И все равно – и как раз именно поэтому – он продолжал возиться с текстом. Здесь была некая опора, способ дать в морду нищете и одиночеству. Кроме того, иногда вдохновение (или его подобие) все-таки возвращалось. Как этим вечером, пусть ненадолго, на минуты двух выкуренных сигарет. Наполнивший легкие дым отгородил от всей пошлой реальности. Сознание ухнуло в бездонные просторы, где пишутся стихи. Тихо баюкая, посвистывал над головой светящий газовый рожок. Слова ожили, заиграли смыслом. На глаза попалось написанное год назад, оставленное без продолжения и сейчас вдруг кольнувшее двустишье. Он несколько раз, мыча, перечел его – не то, не то. Когда впервые записал, было нормально, теперь царапало оттенком неприятной развязности. Порывшись в листах, найдя наконец страницу с чистым оборотом, переписал туда сомнительные строчки, сделал дюжину версий, многократно бормоча каждую на разные лады. Плохо, вообще плохо – дешевка. Не пойдет. Нашел первоначальное двустишье в общем черновике и вычеркнул двумя жирными линиями. И почувствовал сделанный шажок, словно действительно удалось что-то сделать.
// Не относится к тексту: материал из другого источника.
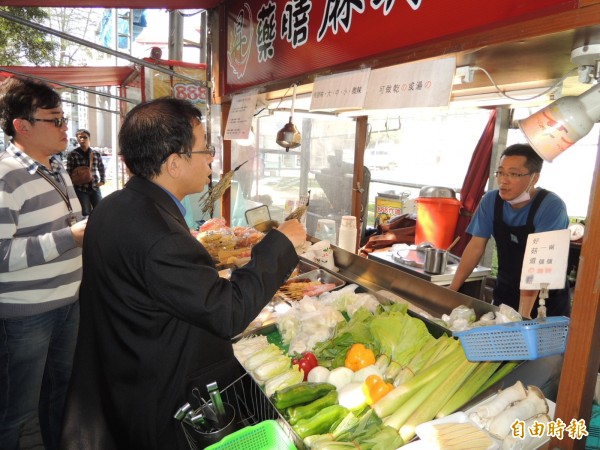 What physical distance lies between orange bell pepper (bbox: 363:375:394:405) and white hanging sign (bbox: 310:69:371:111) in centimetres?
155

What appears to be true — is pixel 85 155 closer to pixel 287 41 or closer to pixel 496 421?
pixel 287 41

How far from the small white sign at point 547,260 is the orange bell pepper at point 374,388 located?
756 millimetres

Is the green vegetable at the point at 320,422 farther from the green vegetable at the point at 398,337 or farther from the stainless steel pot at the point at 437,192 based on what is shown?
the stainless steel pot at the point at 437,192

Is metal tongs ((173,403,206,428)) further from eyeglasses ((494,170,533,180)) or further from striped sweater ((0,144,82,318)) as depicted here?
eyeglasses ((494,170,533,180))

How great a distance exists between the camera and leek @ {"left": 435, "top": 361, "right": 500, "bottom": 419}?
5.54ft

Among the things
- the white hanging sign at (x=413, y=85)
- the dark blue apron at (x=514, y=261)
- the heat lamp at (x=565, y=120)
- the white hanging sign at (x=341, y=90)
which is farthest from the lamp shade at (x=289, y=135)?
the heat lamp at (x=565, y=120)

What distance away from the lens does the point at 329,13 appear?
287 centimetres

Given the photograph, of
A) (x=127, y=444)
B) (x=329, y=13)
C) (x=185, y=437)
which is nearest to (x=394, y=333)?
(x=185, y=437)

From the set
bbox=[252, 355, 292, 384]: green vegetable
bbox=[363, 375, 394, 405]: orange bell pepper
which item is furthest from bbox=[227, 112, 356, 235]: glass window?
bbox=[363, 375, 394, 405]: orange bell pepper

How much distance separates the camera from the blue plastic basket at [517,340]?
151 centimetres

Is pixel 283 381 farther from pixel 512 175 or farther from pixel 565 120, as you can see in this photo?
pixel 512 175

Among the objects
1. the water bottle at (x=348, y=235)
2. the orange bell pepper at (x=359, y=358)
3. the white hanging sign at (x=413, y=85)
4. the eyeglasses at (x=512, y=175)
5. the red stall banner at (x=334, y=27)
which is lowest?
the orange bell pepper at (x=359, y=358)

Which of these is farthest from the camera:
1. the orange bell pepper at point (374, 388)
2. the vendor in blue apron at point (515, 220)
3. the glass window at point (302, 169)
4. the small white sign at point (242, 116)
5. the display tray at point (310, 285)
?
the glass window at point (302, 169)

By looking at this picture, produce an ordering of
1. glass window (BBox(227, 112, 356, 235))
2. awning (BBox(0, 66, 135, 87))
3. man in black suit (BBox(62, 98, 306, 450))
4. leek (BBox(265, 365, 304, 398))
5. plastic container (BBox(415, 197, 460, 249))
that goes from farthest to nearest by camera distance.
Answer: awning (BBox(0, 66, 135, 87))
glass window (BBox(227, 112, 356, 235))
plastic container (BBox(415, 197, 460, 249))
leek (BBox(265, 365, 304, 398))
man in black suit (BBox(62, 98, 306, 450)) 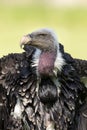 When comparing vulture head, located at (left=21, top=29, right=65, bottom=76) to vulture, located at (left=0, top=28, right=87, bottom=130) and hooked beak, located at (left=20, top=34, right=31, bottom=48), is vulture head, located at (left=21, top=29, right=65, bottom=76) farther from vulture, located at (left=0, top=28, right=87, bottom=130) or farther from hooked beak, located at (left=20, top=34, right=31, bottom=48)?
hooked beak, located at (left=20, top=34, right=31, bottom=48)

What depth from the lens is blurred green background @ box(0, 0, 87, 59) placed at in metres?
20.6

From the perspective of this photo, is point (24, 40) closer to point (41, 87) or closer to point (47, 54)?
point (47, 54)

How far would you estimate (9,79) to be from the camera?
1065 cm

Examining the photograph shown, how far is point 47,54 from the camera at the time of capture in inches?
420

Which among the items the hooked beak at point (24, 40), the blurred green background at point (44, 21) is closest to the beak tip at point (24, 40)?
the hooked beak at point (24, 40)

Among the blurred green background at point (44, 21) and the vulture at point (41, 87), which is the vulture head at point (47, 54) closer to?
the vulture at point (41, 87)

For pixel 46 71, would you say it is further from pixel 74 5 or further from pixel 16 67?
pixel 74 5

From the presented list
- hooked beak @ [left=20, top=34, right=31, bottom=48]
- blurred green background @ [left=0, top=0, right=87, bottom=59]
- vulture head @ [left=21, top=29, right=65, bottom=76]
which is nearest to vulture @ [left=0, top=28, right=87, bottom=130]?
vulture head @ [left=21, top=29, right=65, bottom=76]

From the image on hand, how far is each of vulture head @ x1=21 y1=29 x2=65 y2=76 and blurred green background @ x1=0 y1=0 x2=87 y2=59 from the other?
736cm

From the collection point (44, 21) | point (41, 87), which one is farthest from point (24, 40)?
point (44, 21)

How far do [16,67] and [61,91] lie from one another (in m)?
0.58

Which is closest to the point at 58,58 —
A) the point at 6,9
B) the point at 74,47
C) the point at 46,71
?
the point at 46,71

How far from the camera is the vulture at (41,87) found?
10633mm

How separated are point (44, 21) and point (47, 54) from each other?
14.7 meters
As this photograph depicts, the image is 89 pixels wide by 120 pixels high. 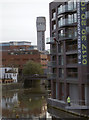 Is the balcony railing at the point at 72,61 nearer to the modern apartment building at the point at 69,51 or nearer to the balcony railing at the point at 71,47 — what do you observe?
the modern apartment building at the point at 69,51

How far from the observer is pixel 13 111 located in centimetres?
4191

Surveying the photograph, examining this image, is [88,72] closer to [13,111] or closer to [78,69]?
[78,69]

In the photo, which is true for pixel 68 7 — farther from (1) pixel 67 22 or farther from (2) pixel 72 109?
(2) pixel 72 109

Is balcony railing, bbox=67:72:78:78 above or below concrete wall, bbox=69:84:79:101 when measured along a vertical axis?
above

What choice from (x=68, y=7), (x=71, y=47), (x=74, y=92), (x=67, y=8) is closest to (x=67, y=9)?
(x=67, y=8)

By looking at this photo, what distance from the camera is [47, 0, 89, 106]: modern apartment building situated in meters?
39.1

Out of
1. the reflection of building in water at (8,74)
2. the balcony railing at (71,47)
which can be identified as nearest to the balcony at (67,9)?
the balcony railing at (71,47)

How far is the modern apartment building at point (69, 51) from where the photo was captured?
3912cm

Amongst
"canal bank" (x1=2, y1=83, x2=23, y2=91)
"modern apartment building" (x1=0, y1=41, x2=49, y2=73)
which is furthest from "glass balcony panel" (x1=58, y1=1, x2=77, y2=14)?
"modern apartment building" (x1=0, y1=41, x2=49, y2=73)

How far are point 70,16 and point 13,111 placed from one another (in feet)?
54.9

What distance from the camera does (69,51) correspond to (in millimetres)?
43562

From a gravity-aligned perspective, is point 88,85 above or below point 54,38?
below

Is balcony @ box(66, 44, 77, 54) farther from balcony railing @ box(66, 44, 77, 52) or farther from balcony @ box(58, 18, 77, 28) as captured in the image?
balcony @ box(58, 18, 77, 28)

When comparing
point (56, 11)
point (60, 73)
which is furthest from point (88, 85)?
point (56, 11) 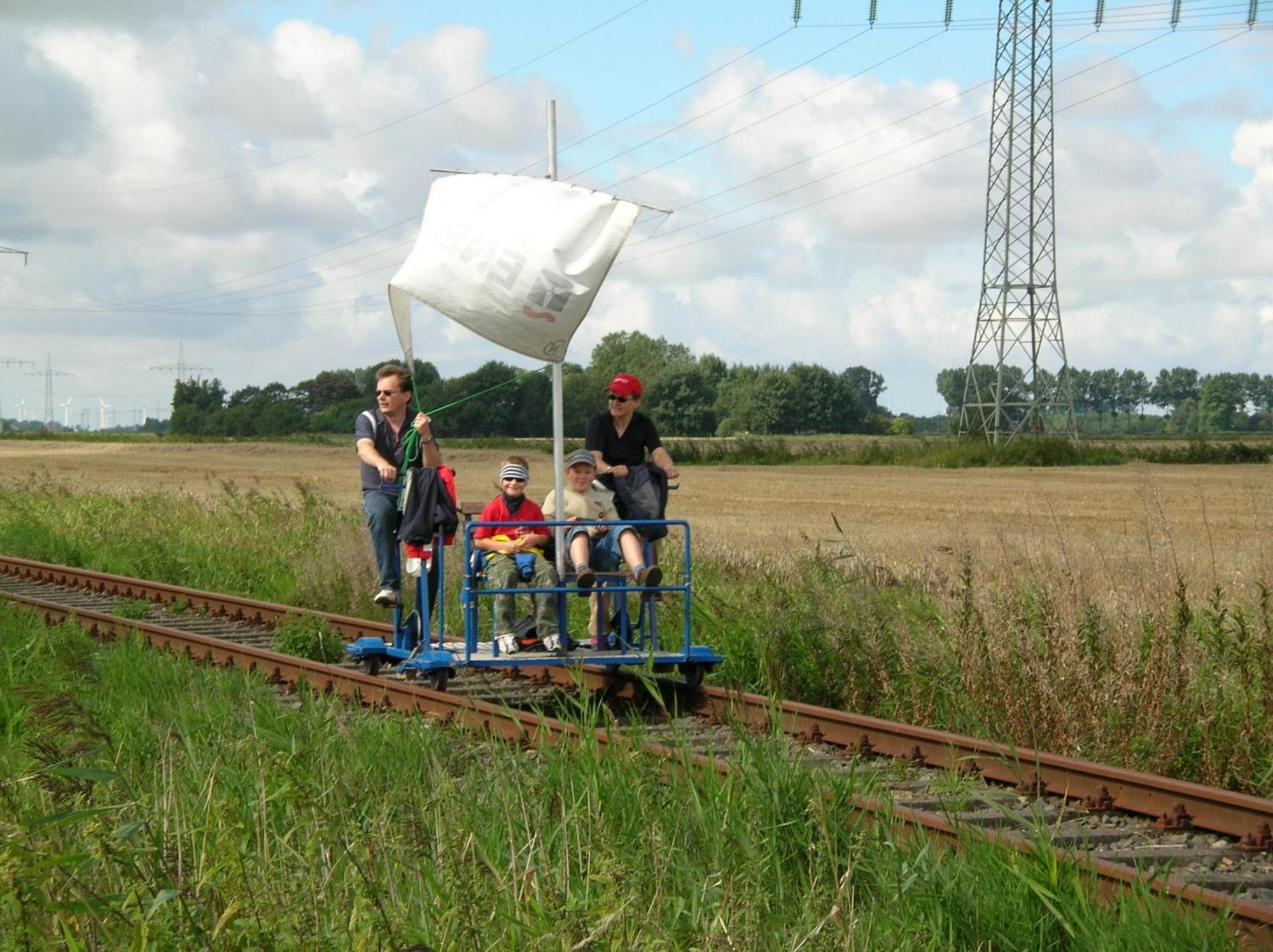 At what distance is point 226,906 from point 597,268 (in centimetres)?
497

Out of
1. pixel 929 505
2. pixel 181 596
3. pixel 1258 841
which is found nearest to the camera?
pixel 1258 841

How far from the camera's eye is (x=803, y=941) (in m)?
4.02

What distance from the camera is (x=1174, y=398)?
494 feet

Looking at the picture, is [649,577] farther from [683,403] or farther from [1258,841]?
[683,403]

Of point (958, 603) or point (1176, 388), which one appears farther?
point (1176, 388)

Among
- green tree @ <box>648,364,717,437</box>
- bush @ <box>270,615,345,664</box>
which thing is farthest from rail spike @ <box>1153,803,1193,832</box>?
green tree @ <box>648,364,717,437</box>

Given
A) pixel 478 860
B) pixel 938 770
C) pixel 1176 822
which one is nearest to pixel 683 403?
pixel 938 770

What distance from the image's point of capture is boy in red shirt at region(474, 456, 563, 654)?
912 centimetres

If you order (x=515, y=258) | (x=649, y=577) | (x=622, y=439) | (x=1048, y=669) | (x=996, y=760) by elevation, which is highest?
(x=515, y=258)

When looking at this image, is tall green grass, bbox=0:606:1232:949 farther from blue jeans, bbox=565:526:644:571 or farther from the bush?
the bush

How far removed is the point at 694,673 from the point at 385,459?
98.9 inches

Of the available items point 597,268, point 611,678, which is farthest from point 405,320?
point 611,678

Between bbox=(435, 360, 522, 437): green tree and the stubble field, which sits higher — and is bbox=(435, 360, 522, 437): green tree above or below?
above

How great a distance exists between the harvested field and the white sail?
3.04 meters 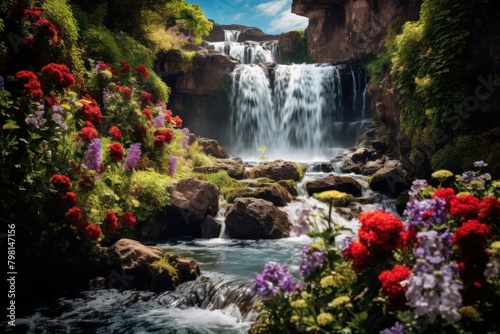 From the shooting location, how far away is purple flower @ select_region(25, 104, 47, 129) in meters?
5.66

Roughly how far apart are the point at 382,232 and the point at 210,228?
7.94 metres

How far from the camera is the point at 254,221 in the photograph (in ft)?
32.8

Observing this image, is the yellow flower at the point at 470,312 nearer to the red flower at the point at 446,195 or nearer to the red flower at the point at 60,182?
the red flower at the point at 446,195

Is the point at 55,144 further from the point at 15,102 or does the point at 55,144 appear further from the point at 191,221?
the point at 191,221

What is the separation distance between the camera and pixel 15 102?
5941 millimetres

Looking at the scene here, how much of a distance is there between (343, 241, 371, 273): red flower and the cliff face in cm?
2285

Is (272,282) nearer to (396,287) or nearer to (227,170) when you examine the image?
(396,287)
Внезапный энергичный стук с улицы сотряс весь дом. Гордон вздрогнул, мигом вернувшись на землю. Почта! «Прелести Лондона» были забыты, сердце затрепетало. Может быть, от Розмари? Или ответы из редакций на два стихотворения? С провалом одного – в заокеанской «Калифорнийской панораме» – он почти примирился (полгода оттуда ни звука, наверно и рукопись не позаботятся вернуть). Но другое отправлено в английский альманах «Первоцвет», и здесь имелись сумасшедшие надежды. На дне души Гордон, конечно, сознавал, что в «Первоцвете» его никогда не напечатают – не их стандарт, однако чудеса случаются, а если не чудеса, так сбои в механизме. В конце концов, стихи у них уже полтора месяца. Зачем полтора месяца держать, если не собираются печатать? Уймись, гони эту безумную мечту! Ну ладно, хоть Розмари написала. Через четыре дня. Не представляет она, каково сутками ждать напрасно ее писем. Длинных косноязычных писем с дурацким юмором и уверениями в любви. Совсем не понимает, что для него тут знак существования кого-то, кому он все же нужен. Что только это его поддержало, когда один хам грубо отверг его стихи. Впрочем, отказы следовали практически отовсюду кроме «Антихриста», редактором которого был друживший с Гордоном Равелстон.